As to the HOW one might deliberately develop a style...I think that's actually fairly straight forward.  Look at the art you like...narrow it down, print out your top 20 favorite quilts every - no matter who made them.  Pin them up on the wall and look at them.  What are the commonalities?  Once you know that, then deliberately build those commonalities into your work.  Yes it will feel weird and cumbersome at first, like developing a new tennis playing style, or a new hair style, or a new kind of handwriting, but soon it will become a part of you.  OR, you will realize, no I'm just not the kind of person who only works in black and white - or whatever it is - and you'll drop that aspect of style out.
So it's definitely Doable...and this will also happen gradually (as long as you don't take TOO many workshops in different techniques!) by itself as you narrow down your interests and fall into similar ways of working.

But WHY should you develop it?   Well "they" say it's because people (those d...d reviewers again!) like to be able to recognize your style.  That in the famous gallery in which you'll now be invited to show - having got your Style, visitors can recognize your work.  That everybody who wants something covered in Red Dots (or whatever is part of your style) knows to look through your portfolio.  But are these good things for you?  Do you want to be "classified"?  I've read about the problems in the popular singing world, that if you can't be classified as Rock or Reggae, Soft or Hard, Metal or techno, you're not attractive to the labels and the outlets. But is that really also true of art? of quilts???  Well perhaps so - in some ways.  I read that it's still the case in some quilt shows that one has to say whether or not one's work is pictorial, or abstract, figurative or landscape etc and that they will change you into another category - or reject you - if you don't fall into a specific type. But that's hardly a reason to limit yourself.
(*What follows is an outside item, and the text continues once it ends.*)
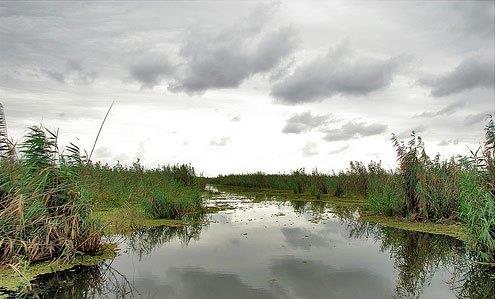 رودخانه شاخزر-ATPmiuImym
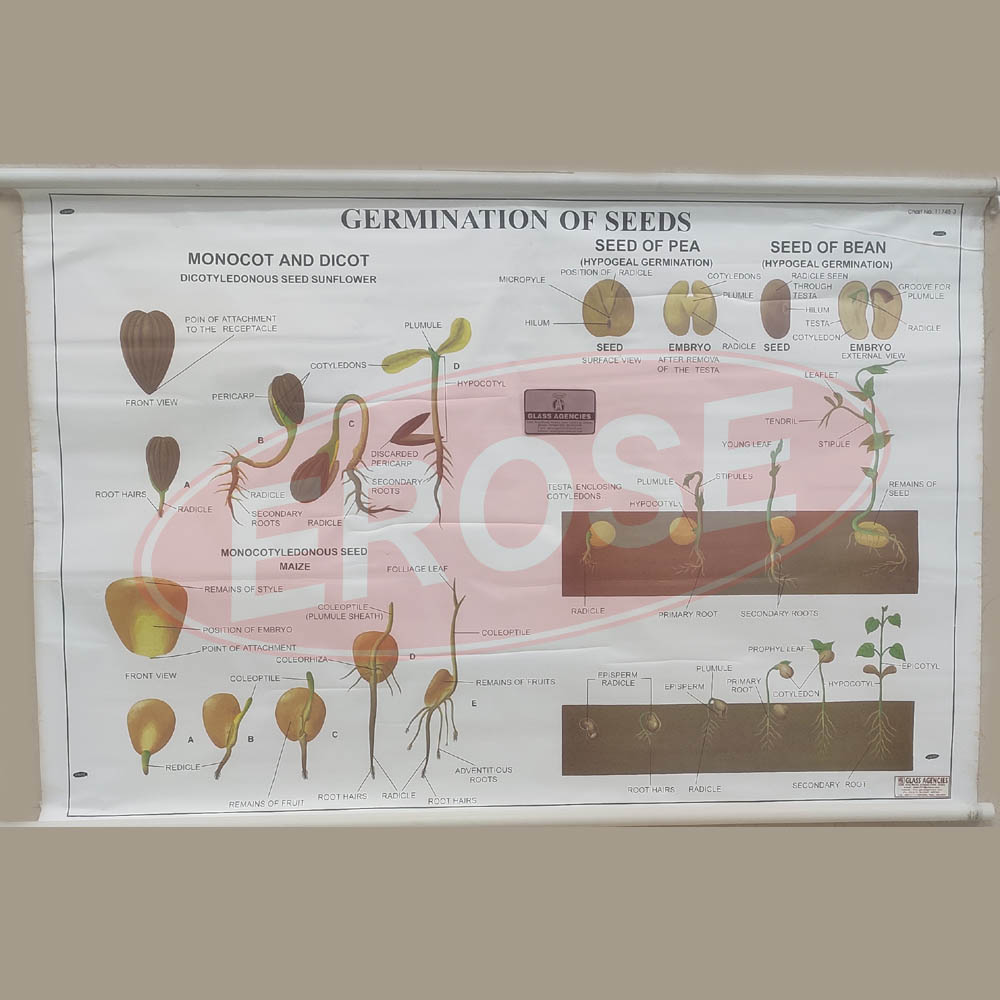 Germination of Seeds Chart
Now I do think there's a lot to be said for working in a series, and in fact devoted several pages to the why and how of doing that in my second (and probably last!) book:  Working in a Series.  And it's very likely that working in a series will lead to you developing commonalities in your own work - but wanting to Develop a Style Before you've made a lot of work, before you've worked in a series, etc might well be putting the cart before the horse.  Which makes it an uphill battle for that poor old nag!

So, since I don't want to continue beating the poor old nag of a topic!  I think I'll make a nice cup of tea and just not worry about style...I'm going to leave that up to the reviewers!